Monday, February 15, 2021
«História da Arte da Caricatura de Imprensa em Portugal - 1935» Por Osvaldo Macedo de Sousa
1935
O meu amigo X acendeu um cigarro, bebeu um
golo de café e contou-me com o melhor dos sorrisos:
- Desde os quinze anos que me não
mascarava. Tenho quarenta e cinco; logo há trinta anos que me não entregava a
esse sport. Este ano resolvi-me. Tinha de ser. Por casualidade, os viscondes de
A. ofereciam um baile masqué; insistiram comigo para que fosse; disse que sim;
prometi mesmo que iria mascarado - e comecei a pensar realmente a sério na
minha futura máscara. aquilo que a princípio me parecia de uma facilidade
transparente começou, pouco a pouco, a transformar-se num verdadeiro e
complicado problema, não apenas de indumentária, mas até de filosofia e de
psicologia. De que é que eu me havia de mascarar ? De rei, de pagem, de
Arlequim, de D. Quixote - ou de Imperatriz Eugénia ? - Confesso que durante
dias, noites a fio, a questão não me saía do pensamento, com todos os seus
aspectos, as suas consequências, as suas hesitações. Se é certo que o homem fez
a máscara, não é menos certo que a máscara faz o homem. Durante horas
consecutivas folheei, consultei livros de figurinos, tratados de indumentárias,
calhamaços de história. As minhas dúvidas, longe de dissiparem-se,
avolumavam-se. Entra a folha da parra de Adão e a farda de hussard do cavaleiro
de Tahault, desde a cabeleira empoada de Luíz XV ao nariz vermelho de
Polichinelo - os meus olhos e, mais ainda, o meu espírito oscilavam, hesitavam
sem saber por onde decidir-se.

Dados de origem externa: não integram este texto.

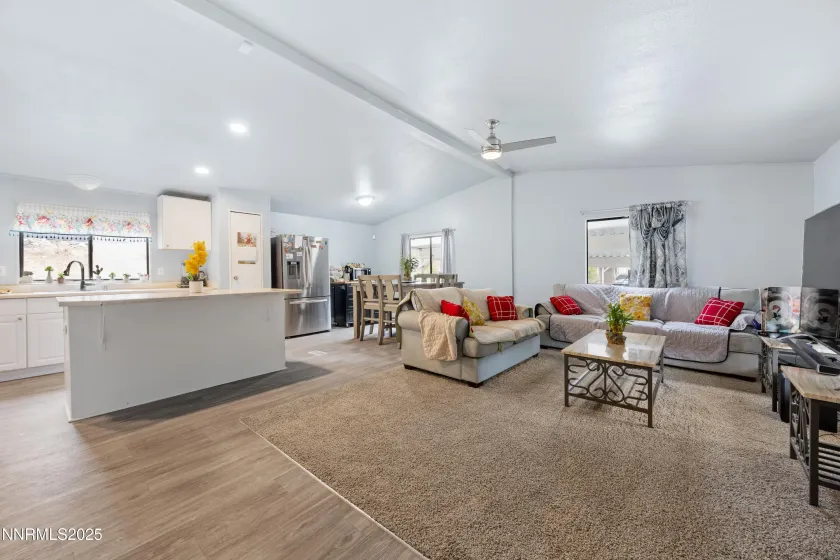 2735 Daffodil, Reno, Nevada 89512, 3 Bedrooms Bedrooms, ,2 BathroomsBathrooms,Residential,Residential,Daffodil,250057065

Em meia dúzia de dias envelheci meses - e acabei
por entregar-me nas mãos experimentadas de costumier. Mal entrei, um homem
grisalho, de óculos enfiado numa espécie de guarda-pó cinzento dirigiu-se para
mim e perguntou-me, com a maior naturalidade do mundo:
- Que deseja ?
- Mascarar-me.
- E de quê, meu caro senhor ?
- Não sei. daquilo que me ficar melhor…
O homem sorriu, pediu-me que entrasse para
o gabinete das provas, disse-me que ia buscar o que lhe parecia mais conveniente
para a minha idade e, sobretudo, para a minha figura - e saiu. Passaram-se
talvez cinco minutos e quando eu me preparava para acender um cigarro, a porta
abriu-se; o homem voltou, ajoujado de fatos, de chapéus, de cabeleiras, de
pares de botas de todas as épocas; atirou tudo aquilo para um sofá e exclamou:
- Vamos provar.
Durante duas horas, meu amigo, naquele
pequeno gabinete, eu tive a fantasia de passar por tudo, desde a opulência real
de D. João V até ao gibão humilde de Sancho Pança. Eu sei lá a infinidade de
coisas que enfiei naquelas duas horas ! Às capas negras sucedem as casacas de
seda, à cabeleiras empoadas os sombreiros de veludo, às espadas de ferro - os
bastões de limoges. Num abrir e fechar de olhos eu passava do séc. XVIII para o
séc. XIII, do séc. XIX para o séc. XVII. A certa altura, eu próprio não sabia
quem era, se rei, se vassalo, se Pierrot - se eu próprio. Já não podia mais - e
vim-me embora. Acabou-se.
- O quê ? Você desistiu de se mascarar ?
- Desisti.
- ?
- Acabei por convencer-me que a melhor
máscara é ainda aquela que nós trazemos todos os dias!
Uma crónica de
Luís de Oliveira Guimarães, in "O Diabo" de 3/3/1935. Este autor,
Advogado e Juiz por profissão, será uma figura de destaque no estudo, e
animação do mundo do humor ao longo desta e da década seguinte.
De mascaras
vive o humor gráfico, umas mais simplistas, outras naturalistas ou modernistas,
e outras mais arrevesadas. Uma das máscaras mais intrigantes, e curiosas dá
pelo nome de Arnaldo Ressano Garcia, que este ano edita um "Álbum de
Caricaturas". Não é uma raridade este facto, já que conhecemos álbuns de
Raphael, Celso, Monterroso, Valença… mas este, pela qualidade excepcional de
traço merece destaque, apresentando de seguida o Prefácio de Rocha Martins : O grande Bordalo, mais demolidor que vinte
panfletários de garra, contou-me a origem do seu fracasso na burocracia.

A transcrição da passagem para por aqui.